For the manufacture of OLED displays, it is vital for the various layers of material to be as uniform as possible in order to optimise display quality, product lifetime and energy consumption.
However, an experimental investigation into the drying of a droplet containing OLED material deposited into a pixel-shaped well by inkjet printing showed a tendency to form a protuberance, or accumulation, of fluid and material in centre of the well, characterised as a ‘W-shaped’ profile. Experiments also showed that ‘M-shaped’ profiles developed in some cases, with an accumulation of fluid and material near the walls of the well, and very little in the centre.
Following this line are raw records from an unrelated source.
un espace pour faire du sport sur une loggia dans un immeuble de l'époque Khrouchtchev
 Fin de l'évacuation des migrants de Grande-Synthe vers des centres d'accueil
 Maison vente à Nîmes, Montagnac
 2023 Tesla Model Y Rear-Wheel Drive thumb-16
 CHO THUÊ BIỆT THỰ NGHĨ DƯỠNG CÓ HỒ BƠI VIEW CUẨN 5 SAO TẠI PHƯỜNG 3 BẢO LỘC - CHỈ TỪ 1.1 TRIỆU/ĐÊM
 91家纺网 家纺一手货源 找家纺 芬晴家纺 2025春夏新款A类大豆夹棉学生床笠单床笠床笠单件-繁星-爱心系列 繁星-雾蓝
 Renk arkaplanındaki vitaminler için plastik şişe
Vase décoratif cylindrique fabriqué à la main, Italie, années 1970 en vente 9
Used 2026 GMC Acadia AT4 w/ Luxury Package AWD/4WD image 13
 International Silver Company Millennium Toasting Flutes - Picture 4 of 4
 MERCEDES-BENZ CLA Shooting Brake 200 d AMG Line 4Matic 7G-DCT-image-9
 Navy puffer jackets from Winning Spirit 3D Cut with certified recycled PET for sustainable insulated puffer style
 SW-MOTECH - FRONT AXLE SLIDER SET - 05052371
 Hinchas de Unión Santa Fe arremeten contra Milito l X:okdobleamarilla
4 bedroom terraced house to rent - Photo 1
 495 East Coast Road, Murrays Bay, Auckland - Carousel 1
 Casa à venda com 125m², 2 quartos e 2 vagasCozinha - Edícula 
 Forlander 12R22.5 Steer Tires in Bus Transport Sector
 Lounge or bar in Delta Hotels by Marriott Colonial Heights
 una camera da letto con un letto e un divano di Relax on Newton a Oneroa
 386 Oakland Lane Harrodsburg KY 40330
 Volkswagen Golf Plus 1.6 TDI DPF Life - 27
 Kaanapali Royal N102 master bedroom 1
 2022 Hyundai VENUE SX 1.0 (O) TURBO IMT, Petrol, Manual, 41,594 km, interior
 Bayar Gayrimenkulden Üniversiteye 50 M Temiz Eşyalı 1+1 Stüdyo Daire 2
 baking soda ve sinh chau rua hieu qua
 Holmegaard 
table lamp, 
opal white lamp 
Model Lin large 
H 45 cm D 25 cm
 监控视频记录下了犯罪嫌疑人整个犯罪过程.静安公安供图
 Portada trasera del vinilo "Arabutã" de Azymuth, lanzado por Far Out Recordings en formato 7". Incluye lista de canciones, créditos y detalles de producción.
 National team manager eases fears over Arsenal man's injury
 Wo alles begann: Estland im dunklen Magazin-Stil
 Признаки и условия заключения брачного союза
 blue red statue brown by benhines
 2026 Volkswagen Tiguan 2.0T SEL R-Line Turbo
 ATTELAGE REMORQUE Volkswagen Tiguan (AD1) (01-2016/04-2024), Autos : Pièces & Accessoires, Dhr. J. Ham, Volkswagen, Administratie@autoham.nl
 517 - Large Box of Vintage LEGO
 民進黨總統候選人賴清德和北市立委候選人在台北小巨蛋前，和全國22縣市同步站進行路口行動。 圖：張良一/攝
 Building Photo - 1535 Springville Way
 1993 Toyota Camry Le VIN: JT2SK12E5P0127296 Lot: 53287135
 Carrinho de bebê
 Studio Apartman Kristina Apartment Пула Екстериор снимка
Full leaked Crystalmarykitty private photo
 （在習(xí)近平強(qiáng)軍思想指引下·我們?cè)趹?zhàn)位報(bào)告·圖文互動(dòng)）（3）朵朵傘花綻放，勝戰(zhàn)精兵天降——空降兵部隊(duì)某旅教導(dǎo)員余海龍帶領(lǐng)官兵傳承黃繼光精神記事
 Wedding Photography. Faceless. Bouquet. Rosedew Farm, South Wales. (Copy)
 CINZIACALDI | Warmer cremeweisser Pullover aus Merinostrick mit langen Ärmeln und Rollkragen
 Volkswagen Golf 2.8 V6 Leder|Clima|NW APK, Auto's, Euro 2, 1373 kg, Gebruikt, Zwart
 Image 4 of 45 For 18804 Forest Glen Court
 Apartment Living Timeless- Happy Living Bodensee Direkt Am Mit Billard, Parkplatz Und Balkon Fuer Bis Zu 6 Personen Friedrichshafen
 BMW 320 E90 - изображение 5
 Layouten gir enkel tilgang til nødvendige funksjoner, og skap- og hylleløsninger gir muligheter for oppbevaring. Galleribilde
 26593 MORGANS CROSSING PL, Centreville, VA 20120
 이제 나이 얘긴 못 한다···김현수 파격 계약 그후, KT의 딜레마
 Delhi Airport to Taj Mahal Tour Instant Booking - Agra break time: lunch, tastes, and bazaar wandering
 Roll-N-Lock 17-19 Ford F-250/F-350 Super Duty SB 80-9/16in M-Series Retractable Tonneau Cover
In order to produce efficient OLED displays, with uniform layers of deposited material, a ‘U-shaped’ profile is desirable, where the majority of the material is distributed evenly across the base of the well.
In this work, a numerical model is developed to simulate the evaporation of an axisymmetric droplet from within a well in order to better understand the physical mechanisms behind these experimentally observed droplet profiles.
The model is based upon the Arbitrary Lagrangian-Eulerian approach and the Finite Element Method (FEM) with local evaporation rates coupled to the free surface, giving the model the ability to produce non-spherical cap droplet profiles, representing a considerable advantage over the “Classical model”, and is thoroughly verified and validated against published numerical, analytical and numerical works.
Studies of evaporation rate, surface tension, viscosity, thermocapillary and solutocapillary effects, bank structure depth, angle and aspect ratio, and the effect of having the viscosity and mass flux dependent on the concentration of a solute are conducted.
It was found that the formation of a central protuberance is due to the ability of the flows from the centre of the droplet to maintain the radial outwards flows caused by enhanced evaporation at the contact line. When the outwards flows are sustained, a U-shaped profile will occur, and when they cannot, fluid in the intermediate region of the droplet will not be replenished, leading to a thinning of that region, and a W-shaped profile developing. This was the case in droplets with high evaporation rates, low surface tension or high viscosity, with a critical aspect ratio of the well of 30. M-shaped profiles were only seen with a surface tension gradient across the droplet surface intended to simulate the solutocapillary effect.
Investigation was also carried out into the impact of a concentration-dependent viscosity, in which a novel oscillatory behaviour was observed in the protuberance height at increasing evaporation rates.